# Peterson vs. Boswell



## Catholicsmoker (Aug 20, 2008)

Dear Club Stogie Members,

I started pipe smoking about a month ago. I went down to the local tobacconist and purchased a Kriswill bent that the tobacconist recommended and some aromatic tobacco. I've been greatly enjoying it and overall it has been a grand experience. 

For my second pipe I was looking to buy a Peterson. Lately I've been enthralled with that company and I can't wait to buy one. A person whom I respect greatly and is experienced in pipes says that it would be a better move to buy a Boswell instead. For the 50-75 USD range what do you recommend?

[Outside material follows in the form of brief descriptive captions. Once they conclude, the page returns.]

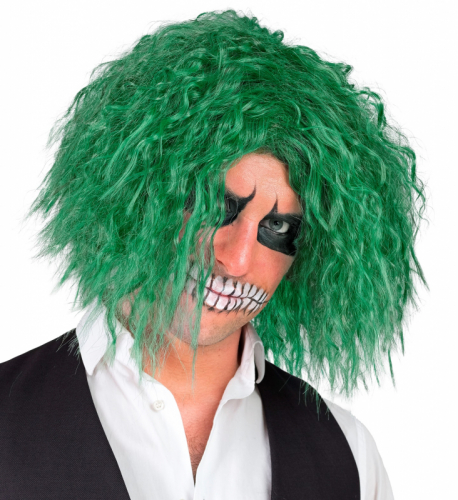 Peruk Joker i gruppen Hgtider / Halloween / Halloweentillbehr hos PARTAJSHOP AB (29094)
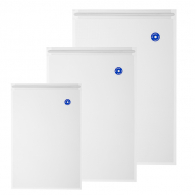Вакуумные пакеты Xiaomi Crystal Kitchen Vacuum Storage Bags 9 шт. (3 размера)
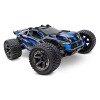 TRAXXAS Rustler 4x4 Ultimate blau 1/10 Stadium Truck RTR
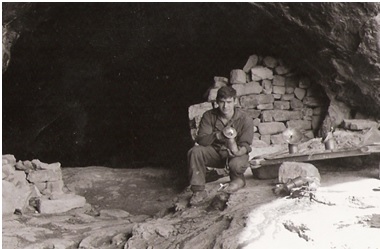 El pueblo de Riba de Saelices recuerda a Don Emilio Moreno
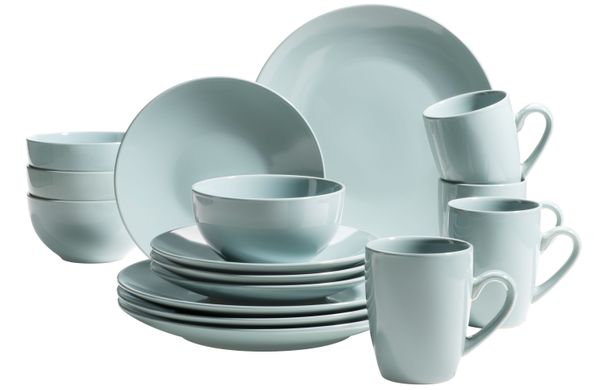Serie Pastell Selection, Kombiservice 16 teilig für 4 Personen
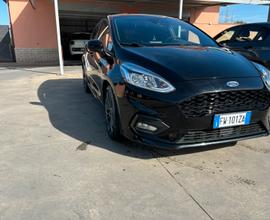 Ford fiesta st-line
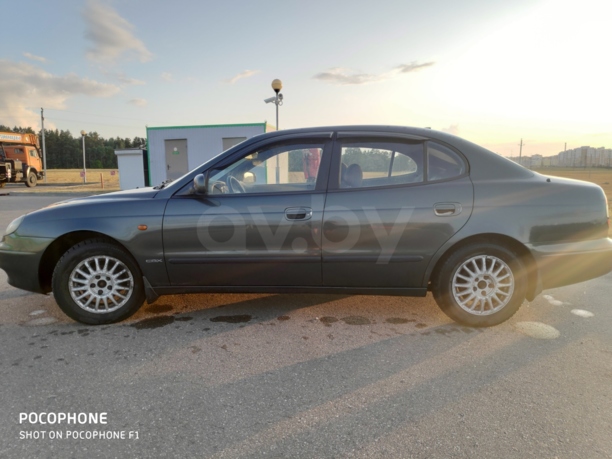 Daewoo Leganza, 1998 г.
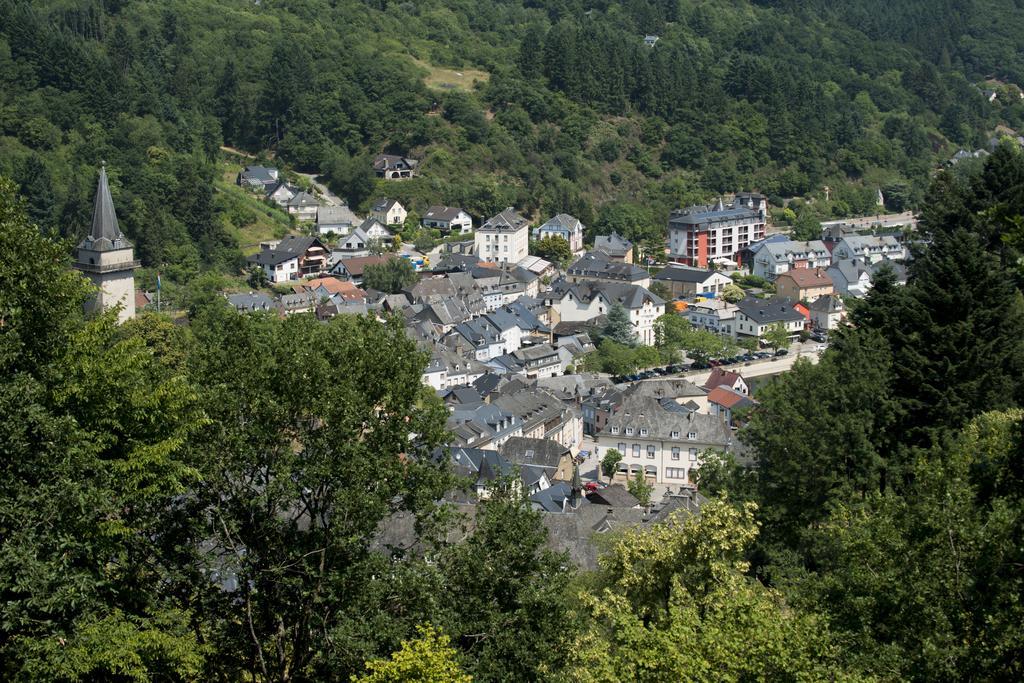 Hotel Belle Vue Vianden Exterior photo
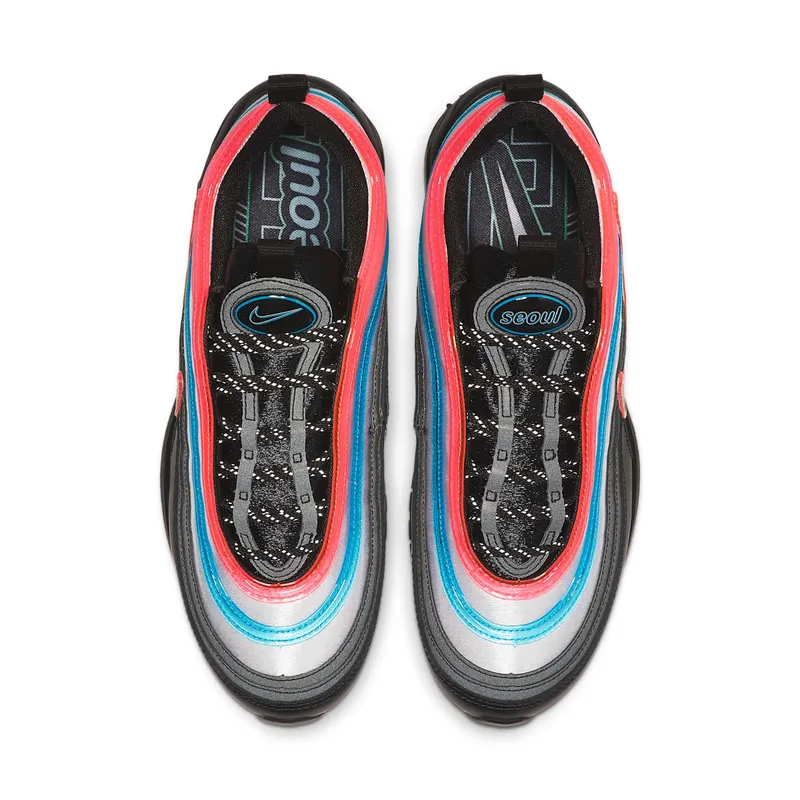 Nike Air Max 97 ‘Neon Seoul’ (2019) (CI1503-001)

Pete or Boswell? Thanks for your help!


----------



## Davetopay (Jan 19, 2008)

Why not one of each?p


----------



## Catholicsmoker (Aug 20, 2008)

I should say which one ought I to purchase first?


----------



## Quick_nick (Feb 10, 2008)

I have a Pete and I am not overly impressed with it. It is a good pipe for the money but not great. I have not heard any negatives toward Boswells at all. There are many Savinelli's and Stanwells in that same price range. I have a Stanwell on the way and my savinelli Tundra is by far my best and most favorite pipe. I also have 2 Bjarnes which are excellent pipes and since the man who makes them has passed away they will soon become more sought after. I would say to research and learn about those 5 makers more before you make a decision. I bought a new Bjarne just because I learned that he had passed.

If you have your heart set on a pete or a Boswell, I would get the Boswell. Plus you can special order pipes from him even if they aren't in his current lineup. Hope this helps.


----------



## wharfrathoss (Dec 27, 2006)

personally i'd go w/the pete, especially in the $50/$75 range-i'd go w/an estate pete as the newer ones in that range leave something to be desired from what i hear, not to mention an estate's already broken in-you could check online etailers, ebay or the WTS forums which will soon be available to you if you stick around & keep posting-i just got my 1st pete system standard & am pretty impressed


----------



## Catholicsmoker (Aug 20, 2008)

wharfrathoss said:


> personally i'd go w/the pete, especially in the $50/$75 range-i'd go w/an estate pete as the newer ones in that range leave something to be desired from what i hear, not to mention an estate's already broken in-you could check online etailers, ebay or the WTS forums which will soon be available to you if you stick around & keep posting-i just got my 1st pete system standard & am pretty impressed


What is the range for a new pipe from Pete which would be satisfactory? I am little uncomfortable with the idea of an estate pipe. I know you can clean it and all, but I'd rather not be smoking something somebody else has been smoking for 20 years.


----------



## The Pirate (May 20, 2007)

You are talking two different animals. Pete's are a manufactured pipe and Boswells are hand crafyed. Petes are steeped in pipe history and tradition. Boswells represent great value for the dollar. If you fancy something unique, I would go with the Boswell. If you are looking for something more traditional, get the Pete. I own both and I like them very much. Choice of a pipe is a very personal thing, and can be influenced by more that just the price. The most important thing is to buy what pleases you..and that includes everything for a $7 MM cob to the most expensive Dunhill or hand crafted pipe. I would suggest that in the beginning you not purchase a really expensive pipe until you get further opportunity to explore your preferences.

Ken


----------



## Senator (Feb 8, 2008)

I cannot comment on the Boswell other than they look like nice pipes.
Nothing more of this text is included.